Atomics — Thread-Safe Operations
Atomics provides operations that complete without interruption, even when multiple threads are running simultaneously. They only work on integer TypedArray views over a SharedArrayBuffer.
Transferable Objects — Zero-Copy Message Passing
For large ArrayBuffers (not SharedArrayBuffer), you can transfer ownership instead of copying. The sender loses access to the buffer — only the receiver can use it after the transfer.
MessageChannel — Direct Worker-to-Worker Communication
By default, workers can only talk to the main thread. MessageChannel creates a connected port pair that can be transferred to different threads, enabling workers to communicate directly.
Building a Worker Pool
Creating a new Worker for each task wastes startup time. A pool keeps N workers alive and recycles them across tasks — the same pattern as the TaskFarm from Chapter 3, but with threads instead of processes.
Worker Threads vs Child Processes vs async I/O
| Approach | Memory | Startup | Best for |
|---|---|---|---|
| async I/O | Shared (same thread) | None | Waiting on network, files, databases — the event loop handles concurrency automatically |
| Worker Threads | Shared (SharedArrayBuffer) or copied |
~5 ms | CPU-intensive JavaScript — image processing, compression, parsing, crypto — in the same process |
| Child Processes | Separate (copied or piped) | ~30 ms + 30 MB | Running shell tools, other executables, or Node scripts that need full process isolation |
💡 Most Node.js Apps Don't Need Worker Threads
If your bottleneck is waiting on a database, an API, or a file — that's I/O, and the event loop already handles it without threads. Worker Threads only help when JavaScript itself is doing expensive synchronous computation that blocks the loop (e.g., resizing images, computing hashes over large payloads, parsing huge JSON). Profile first; threads add complexity.
⚠️ What Workers Can't Do
Access the DOM — there is no DOM in Node, but browser workers similarly can't touch the UI thread's DOM.
Share non-serialisable objects — functions, class instances, Promises, and Buffers backed by Node internals can't cross thread boundaries via postMessage. Use SharedArrayBuffer for large binary data or plain-object messages for everything else.
Call Atomics.wait() from the main thread — it would block the event loop. Use Atomics.waitAsync() (non-blocking) from the main thread instead.
Coding Challenges
Challenge 1 — Parallel Array Processing
Write a parallelMap(array, workerFile, concurrency) function that splits an array into concurrency equal chunks, sends each chunk to a separate Worker Thread, and resolves with the combined results in the original order. The worker file receives { chunk } via workerData and posts back the processed chunk. Test it by squaring an array of 1 million numbers across 4 threads.

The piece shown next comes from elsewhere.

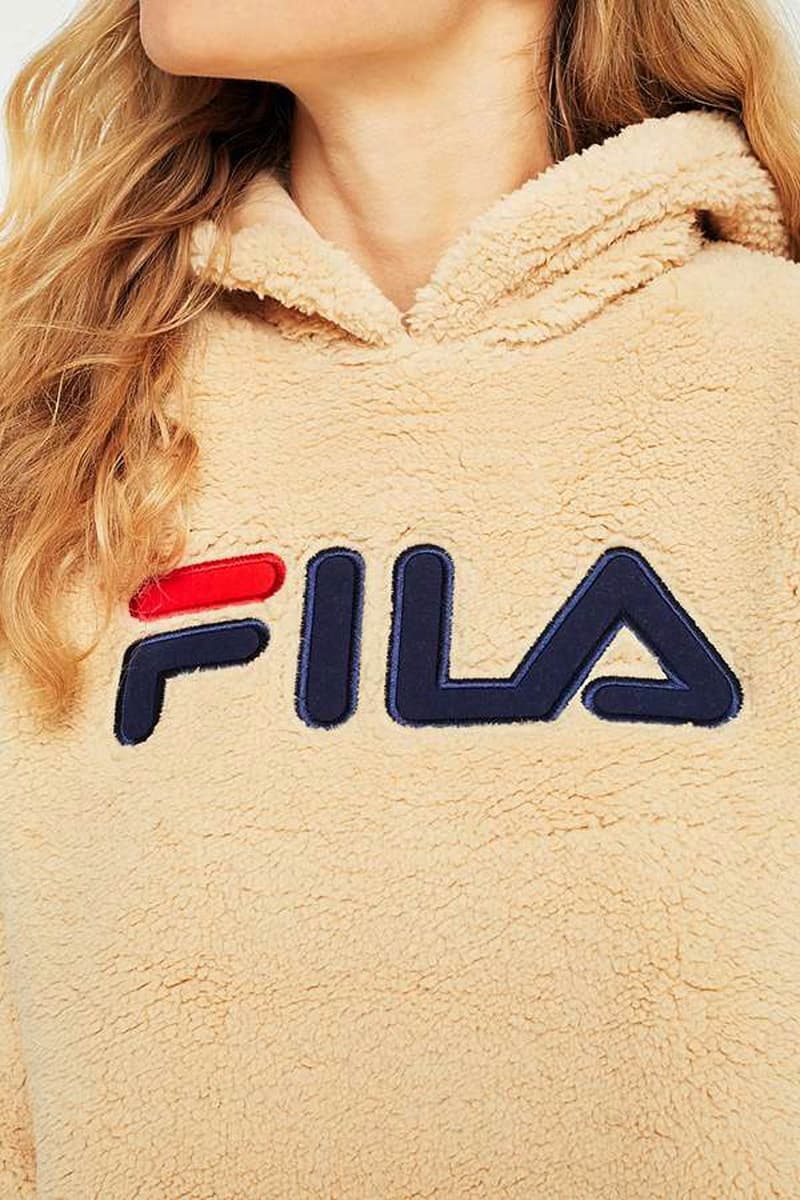 fila cropped hoodie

Challenge 2 — Shared Counter with Atomics
Create a benchmark that spawns 4 workers, each incrementing a shared counter 250,000 times (for a total of 1,000,000 increments). Run it twice: once using plain sharedArray[0]++ (unsafe) and once using Atomics.add(sharedArray, 0, 1) (safe). Log the final counter value in both cases and explain why the unsafe version is likely to produce a number less than 1,000,000.

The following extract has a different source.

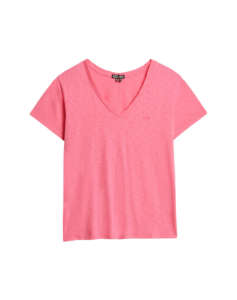 SUPERDRY D1 STUD STUDIOS SLUB EMB VEE TEE ΜΠΛΟΥΖΑ ΓΥΝΑΙΚΕΙΟ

Challenge 3 — Progress-Reporting Worker Pool
Extend the WorkerPool from the chapter so that workers can emit progress events mid-task. The pool.run(payload, onProgress) method should accept an optional callback that fires whenever the worker posts { type: 'progress', taskId, percent }. Final results still resolve the returned Promise via { type: 'done', taskId, result }. Demonstrate it by running a simulated long task that reports progress at 25%, 50%, 75%, and 100%.